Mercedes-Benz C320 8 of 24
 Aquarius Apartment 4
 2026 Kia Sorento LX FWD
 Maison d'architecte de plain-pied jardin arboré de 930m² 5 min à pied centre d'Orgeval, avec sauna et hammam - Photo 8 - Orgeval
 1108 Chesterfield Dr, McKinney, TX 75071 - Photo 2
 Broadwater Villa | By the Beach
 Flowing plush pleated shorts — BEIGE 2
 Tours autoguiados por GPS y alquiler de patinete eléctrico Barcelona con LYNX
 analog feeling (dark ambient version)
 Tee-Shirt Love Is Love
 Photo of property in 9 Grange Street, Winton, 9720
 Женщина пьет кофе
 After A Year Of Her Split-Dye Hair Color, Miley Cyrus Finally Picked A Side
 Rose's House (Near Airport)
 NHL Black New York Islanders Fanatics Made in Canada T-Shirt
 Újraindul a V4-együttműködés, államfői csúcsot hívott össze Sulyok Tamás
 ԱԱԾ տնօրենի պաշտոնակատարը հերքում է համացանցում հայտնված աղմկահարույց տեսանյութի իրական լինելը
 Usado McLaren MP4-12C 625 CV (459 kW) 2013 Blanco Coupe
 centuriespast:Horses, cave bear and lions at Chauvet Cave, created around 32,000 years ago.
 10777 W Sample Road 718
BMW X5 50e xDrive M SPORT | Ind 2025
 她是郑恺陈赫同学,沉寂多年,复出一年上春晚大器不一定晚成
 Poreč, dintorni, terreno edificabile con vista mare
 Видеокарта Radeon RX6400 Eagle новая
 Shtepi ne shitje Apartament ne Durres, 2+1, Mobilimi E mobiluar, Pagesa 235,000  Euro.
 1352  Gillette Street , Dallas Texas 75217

▬▬▬▬▬▬▬▬▬▬

DIRECTIONS FOR THIS TASK
Return each line from the material that includes the string "Shirt".

REPLY
 Tee-Shirt Love Is Love
 NHL Black New York Islanders Fanatics Made in Canada T-Shirt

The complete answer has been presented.